ABOUT THIS EXERCISE:
Leave out all images and set down the records exactly as given.

Web page caption snippets:
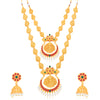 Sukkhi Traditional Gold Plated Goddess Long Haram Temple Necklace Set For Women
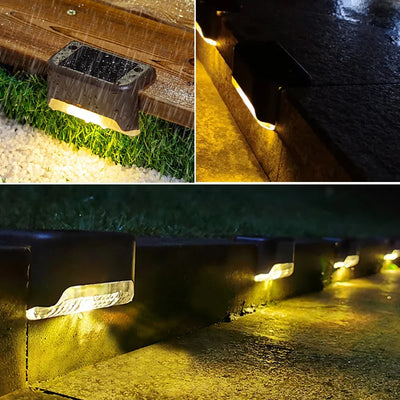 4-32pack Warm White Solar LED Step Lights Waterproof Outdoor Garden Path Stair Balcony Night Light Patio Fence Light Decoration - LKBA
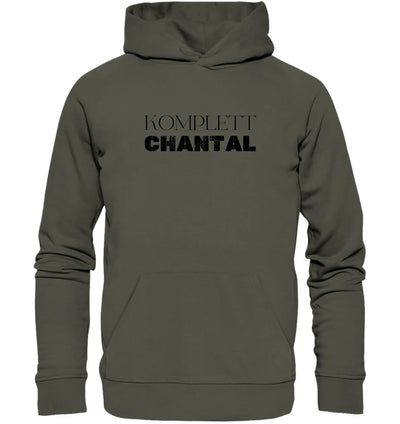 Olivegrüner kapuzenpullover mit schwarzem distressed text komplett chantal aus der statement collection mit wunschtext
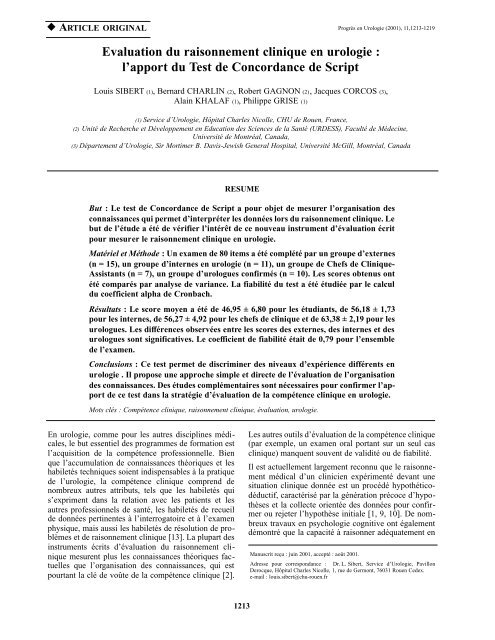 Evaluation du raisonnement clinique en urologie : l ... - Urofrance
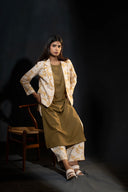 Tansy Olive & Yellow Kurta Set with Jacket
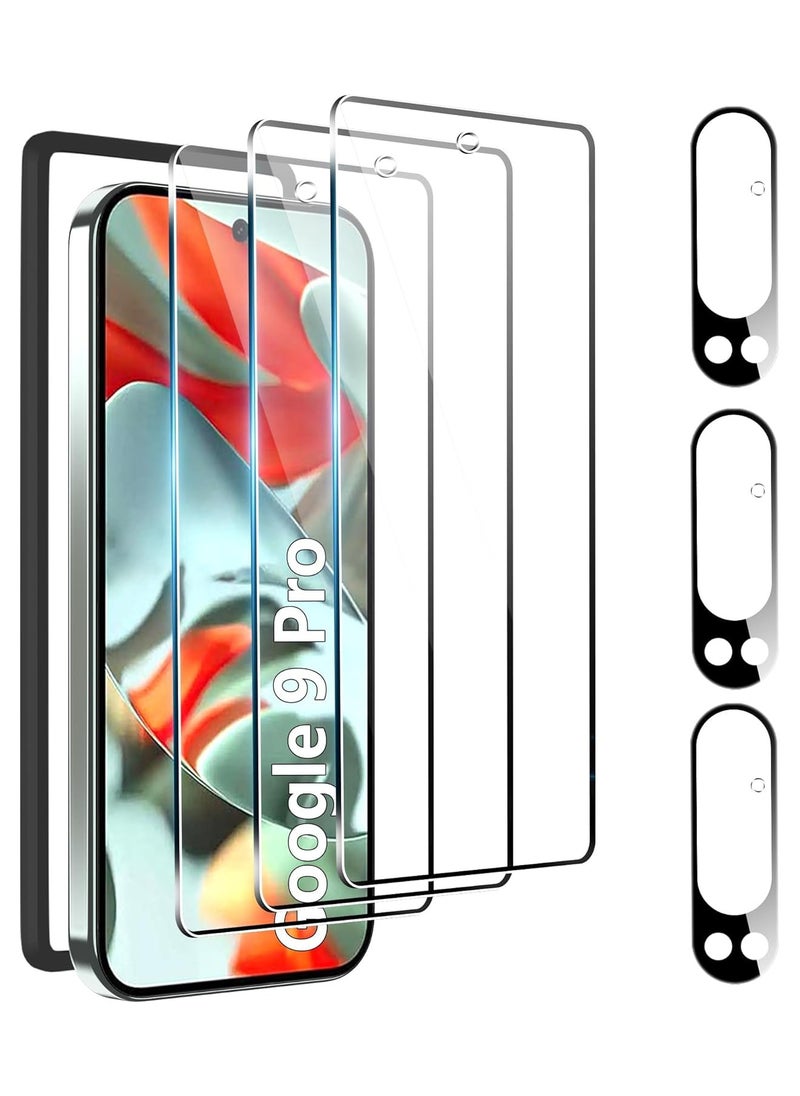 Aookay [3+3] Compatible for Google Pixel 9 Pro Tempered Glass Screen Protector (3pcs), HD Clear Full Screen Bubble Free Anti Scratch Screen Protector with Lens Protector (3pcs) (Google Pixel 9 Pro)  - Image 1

TASK ANSWER:
 Sukkhi Traditional Gold Plated Goddess Long Haram Temple Necklace Set For Women
 4-32pack Warm White Solar LED Step Lights Waterproof Outdoor Garden Path Stair Balcony Night Light Patio Fence Light Decoration - LKBA
 Olivegrüner kapuzenpullover mit schwarzem distressed text komplett chantal aus der statement collection mit wunschtext
 Evaluation du raisonnement clinique en urologie : l ... - Urofrance
 Tansy Olive & Yellow Kurta Set with Jacket
 Aookay [3+3] Compatible for Google Pixel 9 Pro Tempered Glass Screen Protector (3pcs), HD Clear Full Screen Bubble Free Anti Scratch Screen Protector with Lens Protector (3pcs) (Google Pixel 9 Pro)  - Image 1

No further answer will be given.